Exhibit e(2)
AMENDMENT TO DISTRIBUTION AGREEMENT
October 2, 2001
Credit Suisse Asset Management
Securities, Inc.
000 Xxxxxxxxx Xxxxxx
Xxx Xxxx, Xxx Xxxx 00000-0000
Ladies and Gentlemen:
Pursuant to Section 7 of the Distribution Agreement (the "Distribution
Agreement") by and between each of Credit Suisse Warburg Pincus Capital
Appreciation Fund, Credit Suisse Warburg Pincus Value II Fund, Credit Suisse
Warburg Pincus Major Foreign Markets Fund and Credit Suisse Warburg Pincus
Intermediate Maturity Government Fund (each a "Fund," together the "Funds")
and Credit Suisse Asset Management Securities, Inc., dated August 1, 2000, the
Distribution Agreement is hereby amended to delete Section 1.8 and replace it
in its entirety by the following:
1.8(a) With respect to the Class A,B and C shares, the Fund will
compensate the Distributor for its services in connection with distribution of
Shares by the Distributor in accordance with the terms of the plans of
distribution (the "Plans") adopted by the Fund pursuant to Rule 12b-1 under
the 1940 Act with respect to such Classes, as such Plans may be in effect
from time to time. The Fund reserves the right to modify or terminate such
Plans at any time as specified in the Plans and Rule 12b-1, and this Section
1.8(a) shall thereupon be modified or terminated to the same extent without
further action of the parties. In addition, this Section 1.8(a) may be
modified or terminated by the Board members as set forth in Section 8 hereof.

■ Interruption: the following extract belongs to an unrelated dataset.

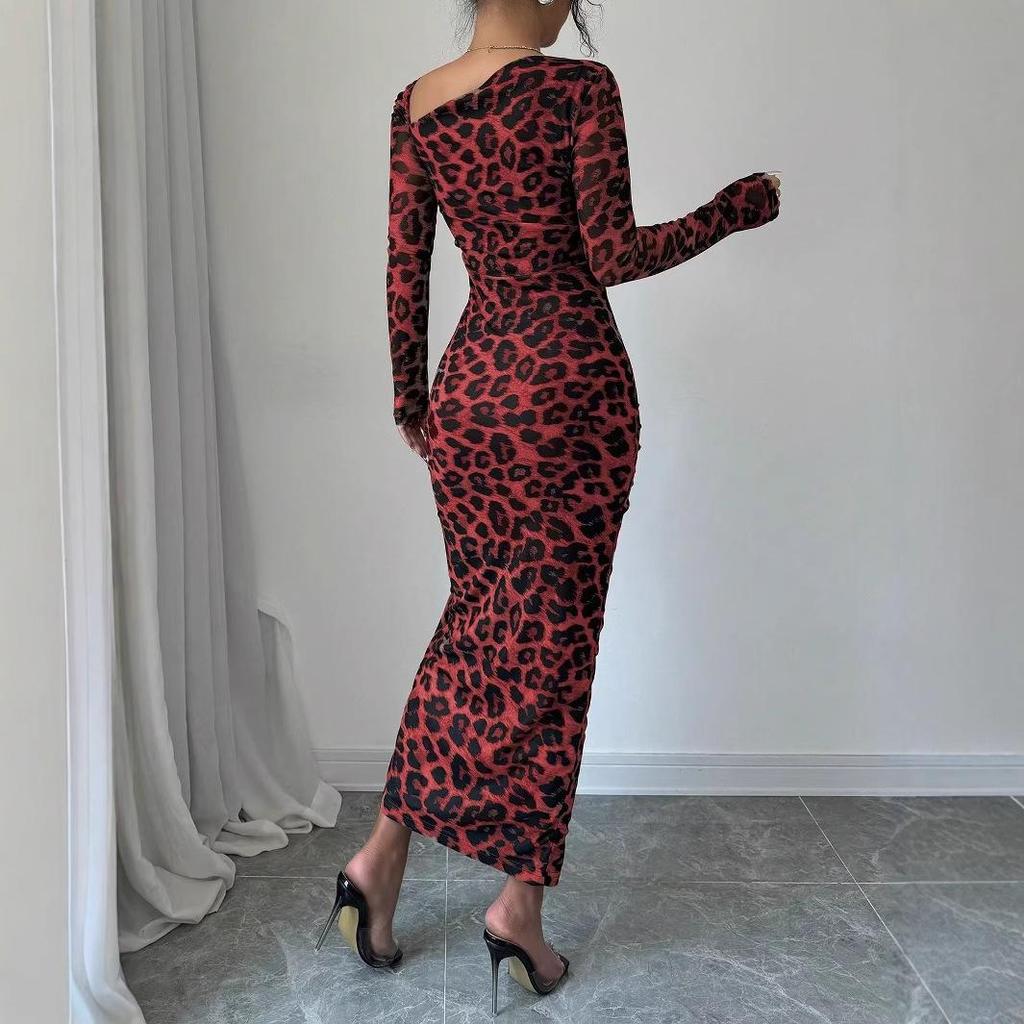 European & American Leopard Print Round Neck Long Sleeve High Waist Dress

The persons authorized to direct the payment of funds pursuant to this
Agreement and the Plans shall provide to each Fund's governing Board, and the
Board members shall review, at least quarterly a written report of the amount
so paid and the purposes for which such expenditures were made. The amounts
paid under this Agreement are in addition to the amount of any initial sales
charge or contingent deferred sales charge, if any, paid to the Distributor
pursuant to the terms of each Fund's Registration Statement as in effect from
time to time.
(b) With respect to the shares of Common and Advisor Classes, the Fund
will pay certain amounts to certain persons consistent with the terms of the
Co-Administration Agreement between the Distributor and the Fund and the
distribution plans adopted with respect to such Classes.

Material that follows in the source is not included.